- Provided material -
════════════════════

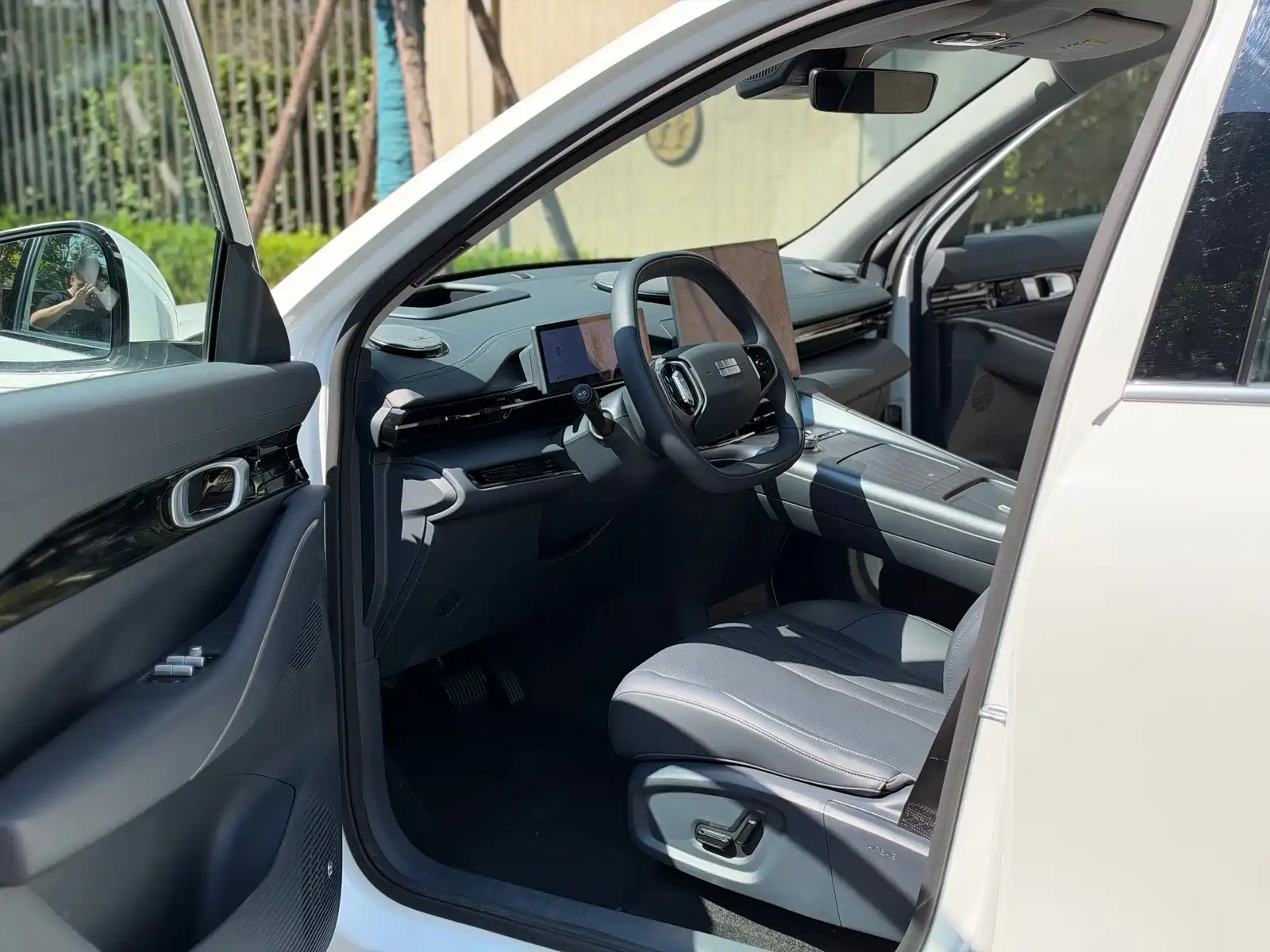 Фото 4 - Geely Galaxy Galaxy E5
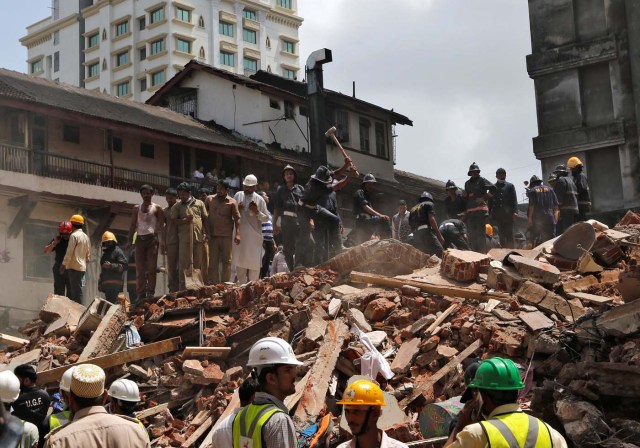 Firefighters and rescue workers search for survivors at the site of a collapsed building in Mumbai, India, August 31, 2017. REUTERS/Shailesh Andrade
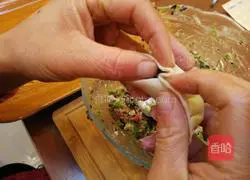 Illustration of how to make crescent moon dumplings 9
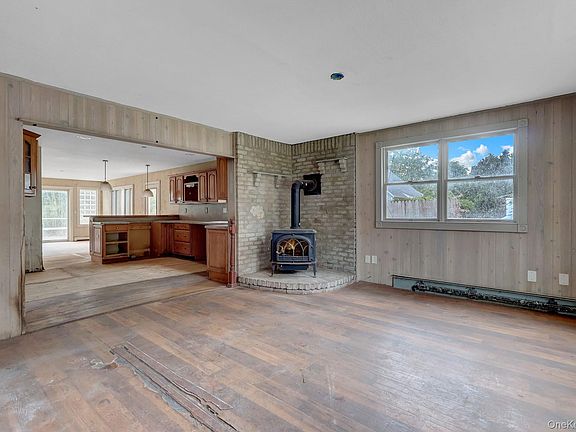 4th image of 34 Thorburn Avenue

════════════════════

- Problem details -
Repeat the material above precisely as it appears, omitting the images it contains.

- Answer section -
 Фото 4 - Geely Galaxy Galaxy E5
 Firefighters and rescue workers search for survivors at the site of a collapsed building in Mumbai, India, August 31, 2017. REUTERS/Shailesh Andrade
 Illustration of how to make crescent moon dumplings 9
 4th image of 34 Thorburn Avenue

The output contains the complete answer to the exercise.